Last edited by chikuzen (2009-07-04 17:35:43)
Thank you! I think I got the position right (tiny surface contact, right? and... do you bend your thumb at all? or does it hold the shakuhachi sideways?) - it doesn't hurt when I play this way.
And I really want to avoid wrist trouble.
It may bent just a bit but bending usually steers it towards a "resting on meaty position" since it might already know that. I'd keep it as close under the #2 hole as possible depending on your fingers. remeber, keep the knuckles a little above the level of the shakuhachi. If the wrist is bent, it's death to a bunch of techniques and stresses out the muscles in the forearm.
And you know what, what a difference did it make, it's much easier to play now. Can´t believe it.
Posture may be loosened by walking around a bit while blowing, monks used to walk up and down hills while blowing, keeping their breathing calm as they walked.
Also, if you are clever enough, you could change hands during a piece, as you take a new breath.

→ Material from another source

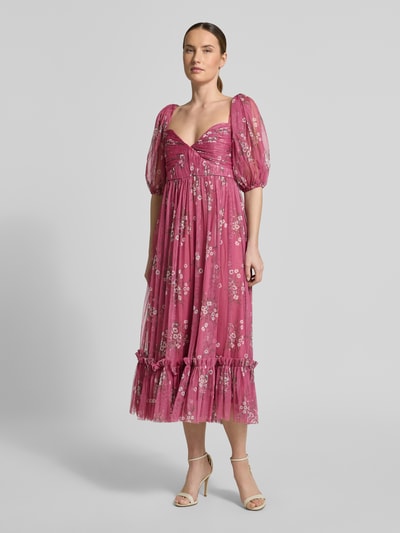 Kobiece modelka nosi sukienka koktajlowa 'Cocktailkleid im Allover-Look' od LACE & BEADS, tiul, linia a, sukienka midi, wzór na całej powierzchni, bufiaste rękawy, długość tyłu w rozmiarze s: 108 cm, szerokość w rozmiarze s: 35 cm, długość rękawów w rozmiarze s: 36 cm, pełny widok z przodu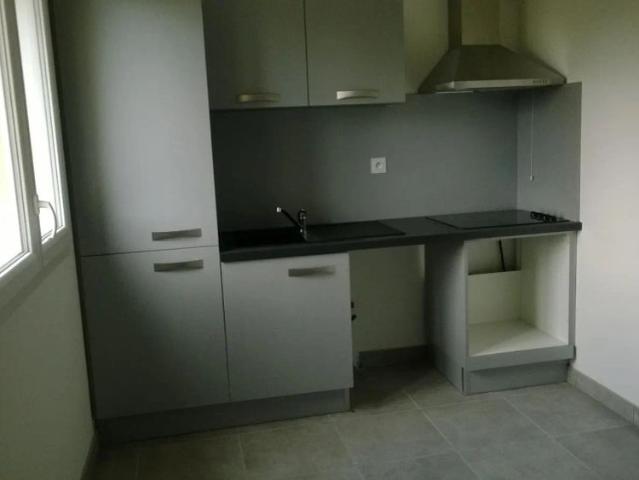 Maison à louer 4 pièces 87m²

"...there is an optimum thickness of flute for everyone's hand to hold. If the flute is too thin for your hand, you will end up using extra tension in holding it. Attaching something to the part of the flute where your thumb sits to increase thickness can help release this excess tension."
Yep, for me it's much thicker than what's considered normal. YIKES!!!!!!!
I had thought of you and the taimu actually. An appropriate fit, yes?
Ideally there's a nice balance between length, girth and weight, but that's hard to find.